In the present case Charles Schwab Company, the husband's employer, had granted him restricted stock options as additional compensation and as an incentive for him to remain with the company. The options allowed the stock to be purchased for a predetermined period of time, at the current market value. In the event the stock price had increased, the employee could exercise the option to purchase the stock and realize an immediate gain by selling the stock for the higher market value. The employer could not withdraw these options, but the husband could lose the value of the options by failing to exercise them, by being terminated from, or voluntarily leaving, his employment. The record indicates that the husband earned the stock options during the course of the marriage and that those options served as a significant source of income during the marriage. The husband testified that in 1997, his income from salary was $82,000 but that the amount he earned from exercising his stock options was $39,000. We recognize that the value associated with these stock options could be forfeited by the occurrence of certain contingencies, such as the husband's termination or resignation from his employment. Nevertheless, we conclude that this factor does not deprive the property of its status as a marital asset. These stock options constitute a form of deferred compensation or incentive bonus and, as such, were correctly considered by the trial court as marital assets, subject to division.
The husband argues that the judgment enables the wife to demand immediate payment for nonvested options, which he says he would be unable to make. After closely reviewing the pertinent portion of the trial court's judgment, however, we conclude that this argument is without merit. The portion of the judgment addressing the stock options was drafted by the trial court to avoid such an inequitable result. The language of the provision makes it clear that the wife may not exercise an option with respect to nonvested options. Although the second paragraph of the provision pertaining to the nonvested options allows the husband to pay the wife for 1/2 the value of the nonvested options on the date of the judgment, this provision is strictly optional. We conclude that the judgment in no way obligates the husband to compensate the wife for any stock option that has not reached maturity.
The husband also argues that the trial court erred in valuing the stock options as of the date of the final judgment; he claims that the trial court should have calculated the value of the stock options as of the date of the couple's separation. He cites no authority in support of this contention. An appellant's failure to cite supporting authority for his or her arguments leaves this court with no alternative but to affirm. Rule 28(a)(5), Ala.R.App.P.; Pierce v. Helka, 634 So.2d 1031 (Ala.Civ.App. 1994).

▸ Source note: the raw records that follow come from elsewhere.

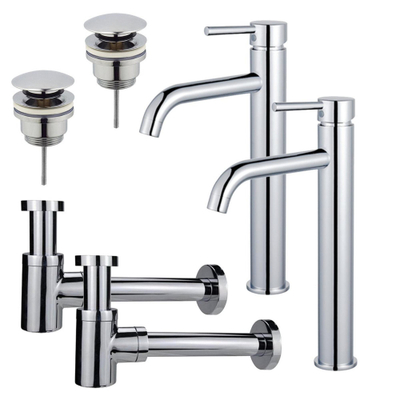 FugaFlow Eccelente Sobrado Kit robinet lavabo - pour double vasque - robinet rehaussé - bonde clic clac - siphon design bas -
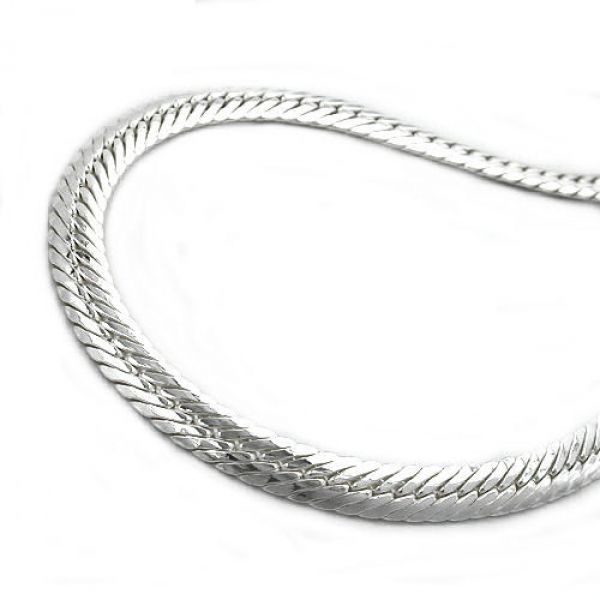 Armband, Panzer flach oval, Silber 925 21cm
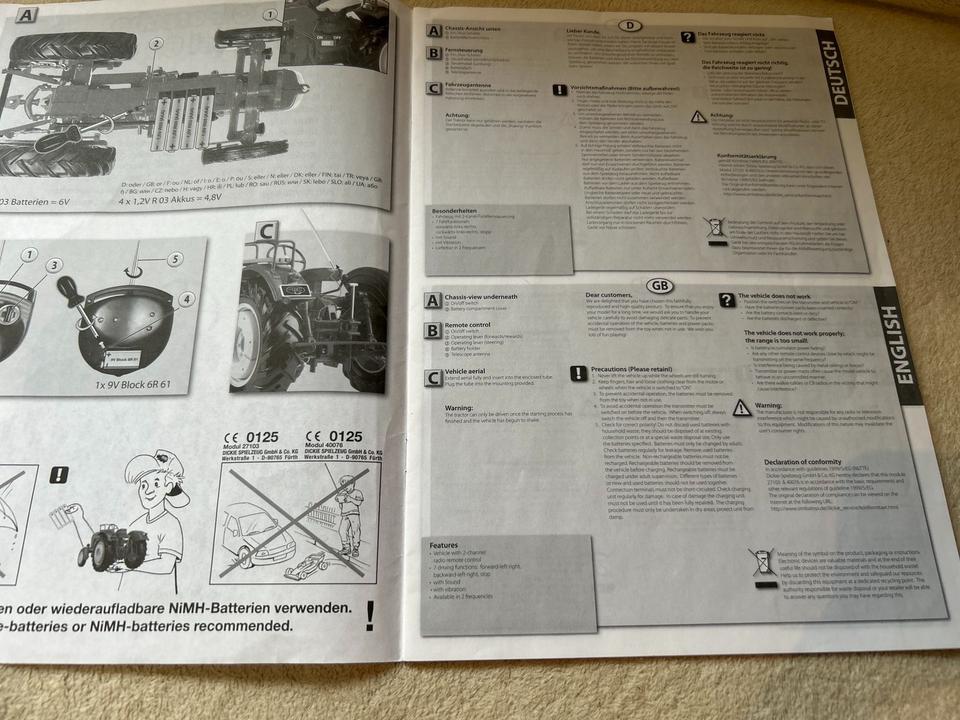 Original Anleitung Dickie RC Porsche Diesel Super DIN A4 in Stuhr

The husband further challenges the propriety of the trial court's award to the wife of periodic alimony and its division of marital debt. Specifically, he argues that the court erred in making him responsible for the parties' credit-card debt, because, he says, the wife had incurred a majority of that debt after the couple separated. In addition, he claims that the wife has a significant ability to earn income and argues that awarding her $500 per month in periodic alimony, in light of her earning ability, was improper. He also claims that the trial court should have considered his allegations of the wife's sexual misconduct and her extravagant spending habits in fashioning its alimony award.

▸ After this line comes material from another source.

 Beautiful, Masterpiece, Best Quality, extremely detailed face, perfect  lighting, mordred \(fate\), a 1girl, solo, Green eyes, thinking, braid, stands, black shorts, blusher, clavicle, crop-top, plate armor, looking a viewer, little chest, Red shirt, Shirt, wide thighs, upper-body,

It is well established that in a divorce action matters such as alimony and the division of marital property are committed to the sound discretion of the trial court. Montgomery v. Montgomery, 519 So.2d 525 (Ala.Civ.App. 1987); Parrish v. Parrish, 617 So.2d 1036 (Ala.Civ.App. 1993). Further, the trial court's decision, based on evidence presented ore tenus, is presumed correct, and this court will not reverse such a decision absent a showing of an abuse of discretion. Id. A division of marital property and an award of periodic alimony are interrelated; therefore, we must consider the entire judgment in determining whether the trial court abused its discretion in regard to either of those items. Montgomer y, supra. Trial courts should consider relevant factors in making property or alimony awards, including the financial circumstances of the parties; the length of the marriage; the source of their common property; the age and health of the parties; the parties' future prospects; the standard of living the parties enjoyed during the marriage and their potential for maintaining that standard after the divorce; and, where applicable, the conduct of the parties. Hinds v. Hinds, 415 So.2d 1122 (Ala.Civ.App. 1982).

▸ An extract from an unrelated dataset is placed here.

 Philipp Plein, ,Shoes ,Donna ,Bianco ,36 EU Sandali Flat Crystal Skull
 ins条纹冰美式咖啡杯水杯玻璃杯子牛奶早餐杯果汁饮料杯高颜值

The record indicates that the wife, after the parties separated, incurred the credit-card debt buying food and clothing, making the mortgage payments and repairs on the home, and paying college and private-school tuition and other related expenses. No evidence in the record supports the husband's claims that the wife spent this money frivolously. At the time of their separation, the wife was employed by the American Lung Association at a salary of $33,000 per year. Shortly after the separation, the wife lost her job at the American Lung Association because of "downsizing" and took a minimum-wage job for several months, until she secured her current job as regional director of the American Liver Association. She earns an annual salary of $41,000 in her current job. We find no abuse of discretion in the trial court's division of the marital debt.
The judgment is affirmed.
AFFIRMED.
YATES and CRAWLEY, JJ., concur.
MONROE, J., concurs specially.
ROBERTSON, P.J., concurs in the result.
I write only to distinguish this case from Jackson v. Jackson, 656 So.2d 875 (Ala.Civ.App. 1995), in which I wrote a dissenting opinion.
In Jackson, I would have affirmed the judgment in which the trial court declined to consider the husband's military retirement benefits in dividing the marital property because those benefits had not yet vested. In this case, the trial court fashioned its judgment to ensure that the wife would not be entitled to exercise any options or make any claim to certain stocks until those options vested. The judgment also gave the parties leeway on how to divide their interest in the stock options once those options vested.
The judgment in this case is written in such a way as to prevent the possible inequities that could result from dividing property that the parties do not yet have an interest in, which was my concern in Jackson. Therefore, I agree with the majority opinion's decision to affirm the judgment.